I originally started out studying languages and drama, studied German and drama at Manchester University and ran an English language theatre company in Germany, set up for a couple of years and taught English and Drama there. And that's how I got involved in movie making, by being there and helping out on people's films, in a community film school. I came back to London, stopped teaching and started working in the industry in corporate films as an editor and a cameraman.

Then I started to get interested in making my own shorts. I worked for a very strange company, an Argentinean company, making language-teaching films. They were called Emargo Productions and I found myself the only person making these films. I had a 16mm camera, an editing suite, and a company flat and very little work to do and I thought well, I'm going to make a short film with this stuff.


Where did you go from there?

Basically I bought the books, all the stuff on how to make a short film on 16mm. I made my first short in 1988, that was black and white 16mm, and that was a contemporary view of London through the poetry of William Blake. And that’s really how my love of London started out.

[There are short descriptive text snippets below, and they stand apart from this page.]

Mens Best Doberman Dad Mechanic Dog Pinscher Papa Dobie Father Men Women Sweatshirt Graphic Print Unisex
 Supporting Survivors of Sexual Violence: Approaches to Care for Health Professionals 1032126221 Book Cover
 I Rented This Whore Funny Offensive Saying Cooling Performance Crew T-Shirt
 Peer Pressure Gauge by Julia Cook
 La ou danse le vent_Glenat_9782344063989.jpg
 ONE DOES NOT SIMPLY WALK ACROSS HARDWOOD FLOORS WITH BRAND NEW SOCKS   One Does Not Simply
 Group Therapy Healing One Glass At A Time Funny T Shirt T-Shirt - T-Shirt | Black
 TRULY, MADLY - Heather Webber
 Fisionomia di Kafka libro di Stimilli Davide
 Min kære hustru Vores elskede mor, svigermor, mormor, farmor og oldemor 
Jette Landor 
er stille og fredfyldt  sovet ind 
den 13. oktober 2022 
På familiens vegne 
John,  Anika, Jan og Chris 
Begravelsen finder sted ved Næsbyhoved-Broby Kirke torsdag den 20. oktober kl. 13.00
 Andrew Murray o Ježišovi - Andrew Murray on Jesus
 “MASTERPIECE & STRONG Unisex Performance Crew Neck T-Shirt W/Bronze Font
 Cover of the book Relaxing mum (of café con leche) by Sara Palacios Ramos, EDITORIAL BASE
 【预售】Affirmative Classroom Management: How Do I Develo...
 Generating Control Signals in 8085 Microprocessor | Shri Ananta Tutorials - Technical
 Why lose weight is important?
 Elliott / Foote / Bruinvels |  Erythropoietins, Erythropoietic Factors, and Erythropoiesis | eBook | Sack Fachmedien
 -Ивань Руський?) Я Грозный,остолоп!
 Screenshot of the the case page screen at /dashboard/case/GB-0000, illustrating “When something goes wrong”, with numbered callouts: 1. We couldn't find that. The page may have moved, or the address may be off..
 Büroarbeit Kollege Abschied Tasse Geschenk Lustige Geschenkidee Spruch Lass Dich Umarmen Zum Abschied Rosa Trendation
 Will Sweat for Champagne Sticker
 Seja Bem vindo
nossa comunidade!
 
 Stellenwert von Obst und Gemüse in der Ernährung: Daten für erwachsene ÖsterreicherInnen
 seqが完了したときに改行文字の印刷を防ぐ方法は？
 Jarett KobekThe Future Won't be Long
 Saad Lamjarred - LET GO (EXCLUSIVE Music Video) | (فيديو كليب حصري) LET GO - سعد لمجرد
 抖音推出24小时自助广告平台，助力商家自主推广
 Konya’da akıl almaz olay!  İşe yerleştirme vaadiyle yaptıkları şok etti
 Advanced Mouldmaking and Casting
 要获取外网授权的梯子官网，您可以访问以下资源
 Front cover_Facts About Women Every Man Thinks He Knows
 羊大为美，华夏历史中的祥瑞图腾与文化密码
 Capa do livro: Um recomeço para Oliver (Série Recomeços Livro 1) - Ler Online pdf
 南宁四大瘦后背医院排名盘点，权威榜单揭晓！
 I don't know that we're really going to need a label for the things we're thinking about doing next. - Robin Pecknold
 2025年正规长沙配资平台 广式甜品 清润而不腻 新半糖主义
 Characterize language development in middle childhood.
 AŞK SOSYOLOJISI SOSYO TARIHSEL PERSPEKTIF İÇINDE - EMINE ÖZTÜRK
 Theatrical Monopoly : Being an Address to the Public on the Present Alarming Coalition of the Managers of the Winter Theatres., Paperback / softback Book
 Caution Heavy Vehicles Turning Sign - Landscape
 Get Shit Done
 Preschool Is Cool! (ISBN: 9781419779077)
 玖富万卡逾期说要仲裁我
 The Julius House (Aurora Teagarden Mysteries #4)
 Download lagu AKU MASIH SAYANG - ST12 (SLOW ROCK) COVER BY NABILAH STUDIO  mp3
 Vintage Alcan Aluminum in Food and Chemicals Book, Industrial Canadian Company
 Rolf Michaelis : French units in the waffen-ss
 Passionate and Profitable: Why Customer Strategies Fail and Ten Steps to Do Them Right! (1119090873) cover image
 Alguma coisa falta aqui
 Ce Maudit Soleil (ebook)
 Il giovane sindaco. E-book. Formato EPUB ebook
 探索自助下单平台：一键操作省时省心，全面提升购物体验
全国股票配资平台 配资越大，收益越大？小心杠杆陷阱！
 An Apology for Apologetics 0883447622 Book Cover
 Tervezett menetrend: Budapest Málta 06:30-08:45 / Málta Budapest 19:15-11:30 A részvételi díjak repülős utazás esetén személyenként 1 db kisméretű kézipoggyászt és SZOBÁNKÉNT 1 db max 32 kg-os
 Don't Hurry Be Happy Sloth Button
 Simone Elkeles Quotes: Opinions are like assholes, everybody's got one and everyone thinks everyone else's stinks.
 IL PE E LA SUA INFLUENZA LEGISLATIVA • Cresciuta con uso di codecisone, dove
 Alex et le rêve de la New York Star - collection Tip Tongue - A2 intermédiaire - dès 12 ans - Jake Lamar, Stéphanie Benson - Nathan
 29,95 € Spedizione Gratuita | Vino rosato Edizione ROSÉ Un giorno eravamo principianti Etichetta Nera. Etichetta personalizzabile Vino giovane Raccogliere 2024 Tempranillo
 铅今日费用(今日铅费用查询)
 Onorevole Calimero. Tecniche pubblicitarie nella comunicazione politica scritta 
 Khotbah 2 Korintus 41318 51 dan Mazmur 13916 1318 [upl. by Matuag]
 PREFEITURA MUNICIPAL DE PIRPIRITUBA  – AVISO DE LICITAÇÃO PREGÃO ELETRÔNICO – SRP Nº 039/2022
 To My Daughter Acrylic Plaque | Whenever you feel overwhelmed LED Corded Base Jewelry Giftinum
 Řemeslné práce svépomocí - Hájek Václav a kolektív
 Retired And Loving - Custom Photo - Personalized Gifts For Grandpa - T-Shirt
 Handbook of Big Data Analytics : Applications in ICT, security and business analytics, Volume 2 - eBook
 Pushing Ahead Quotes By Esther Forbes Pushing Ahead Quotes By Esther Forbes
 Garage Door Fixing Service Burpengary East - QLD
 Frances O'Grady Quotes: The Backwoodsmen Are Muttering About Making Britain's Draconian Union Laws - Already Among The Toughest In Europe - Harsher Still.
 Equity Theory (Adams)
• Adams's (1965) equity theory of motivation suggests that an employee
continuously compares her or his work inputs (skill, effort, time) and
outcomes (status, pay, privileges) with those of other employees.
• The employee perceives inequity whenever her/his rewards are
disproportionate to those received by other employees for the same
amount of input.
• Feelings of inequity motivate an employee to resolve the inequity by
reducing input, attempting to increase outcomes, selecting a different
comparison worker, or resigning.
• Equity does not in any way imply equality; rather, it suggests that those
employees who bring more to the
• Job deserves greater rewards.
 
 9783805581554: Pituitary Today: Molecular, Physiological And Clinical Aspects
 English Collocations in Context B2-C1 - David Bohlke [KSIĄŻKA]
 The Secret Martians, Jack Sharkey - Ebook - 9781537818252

That's how I got into the film industry and since then I've done everything from running to directing. Really only in the last year, I've been trying to make a living as a director but it's been quite a long time coming but I've learnt quite a bit along the way.


When did you actually decide to make a trilogy?
Yeah, the trilogy stemmed from Paris Brixton. Paris Brixton is the first 15 minute, 35mm film that I've done. That was based on my co-script writers Neil Spencer's short story called Skylight and that was based on a real life incident where a young woman who lived in an attic had a cat burglar break in one night. He actually stayed and lived with her and had an affair with her and the police busted them both for handling stolen goods. He got put in jail but she didn't.

Neil Spencer wrote a short story about that and we turned that into a short film script. This was back in like, '92. And it was like an half an hour script and that sort of bubbled away for more than five, six years in fact, but in the end I just thought, well I really want to make this, and I'm going to make it. I decided to make it on video, that was going to be Paris Brixton. We changed the name from Skylight because David Hare had a play out at the time called Skylight .

So it was originally a short film from Neil's selection of short stories which were all set in London. When we finished Paris Brixton we decided we actually wanted to write a more, an original script that wasn't based on a short story. And we so we decided to sit down and write what became Sari & Trainers. But before we did that we decided that it would not be a trilogy but a quartet of films. It was going to be North, South, East and West points of London.

Visually I'd say that all of your shorts are very strong. How important is cinematography to you? I mean, how much do you storyboard, how much to you actually plan your shots ahead?
This is the question you want to know? (Laughter) Because we've had this conversation. Anthony storyboards the whole of his shorts which I did to a certain extent on Paris Brixton that was the only one I really storyboarded. I did key frames on it, simply because I was working the DP Jono Smith for the first time and the art director for the first time and it just gives us a chance to have a kind of common knowledge on what we're dealing with. I didn't do every scene and every frame because for fifteen minutes that would be a hell of a lot of work but it was useful as a reference point to talk to the art director and the DP and use that as a blue print to improvise on really.